↓

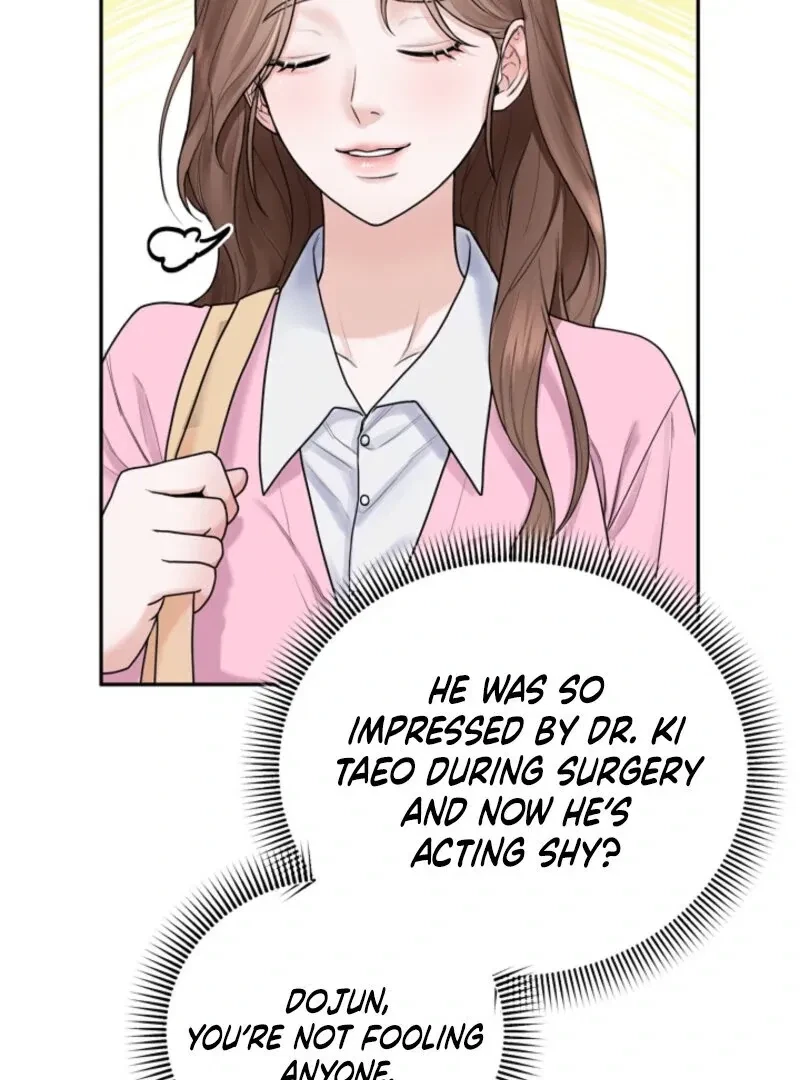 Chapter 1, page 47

↑
↓

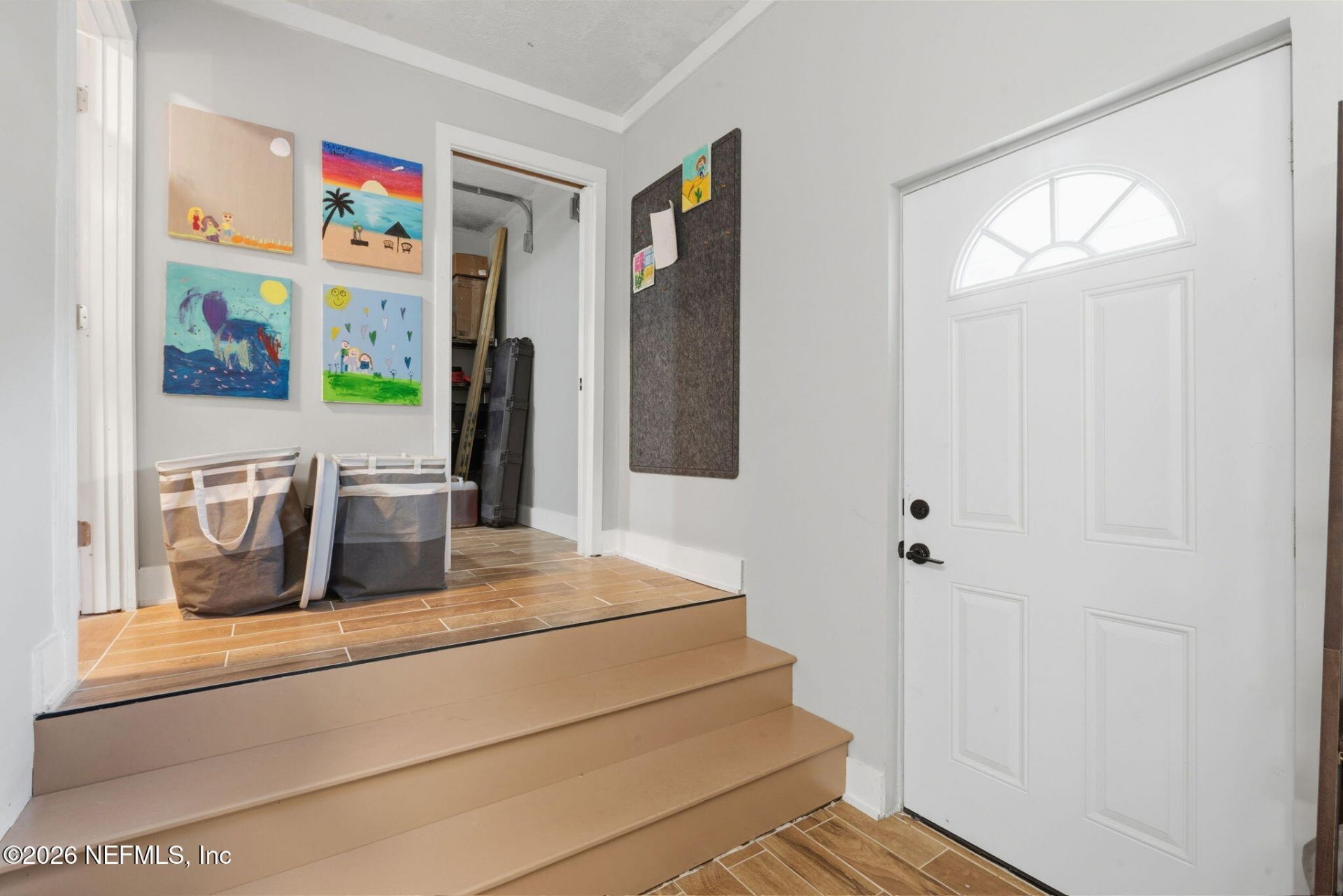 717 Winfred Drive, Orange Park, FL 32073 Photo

↑
↓

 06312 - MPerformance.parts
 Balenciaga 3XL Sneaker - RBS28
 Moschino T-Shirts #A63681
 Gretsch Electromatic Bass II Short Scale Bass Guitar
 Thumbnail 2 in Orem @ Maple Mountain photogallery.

↑

▶ **WORK REQUEST**:
Retype exactly the lines of the data above that fall between the line with "Gretsch Electromatic Bass" and the line with "Thumbnail 2 in", inclusive, and add nothing.

▶ **OUTPUT**:
 Gretsch Electromatic Bass II Short Scale Bass Guitar
 Thumbnail 2 in Orem @ Maple Mountain photogallery.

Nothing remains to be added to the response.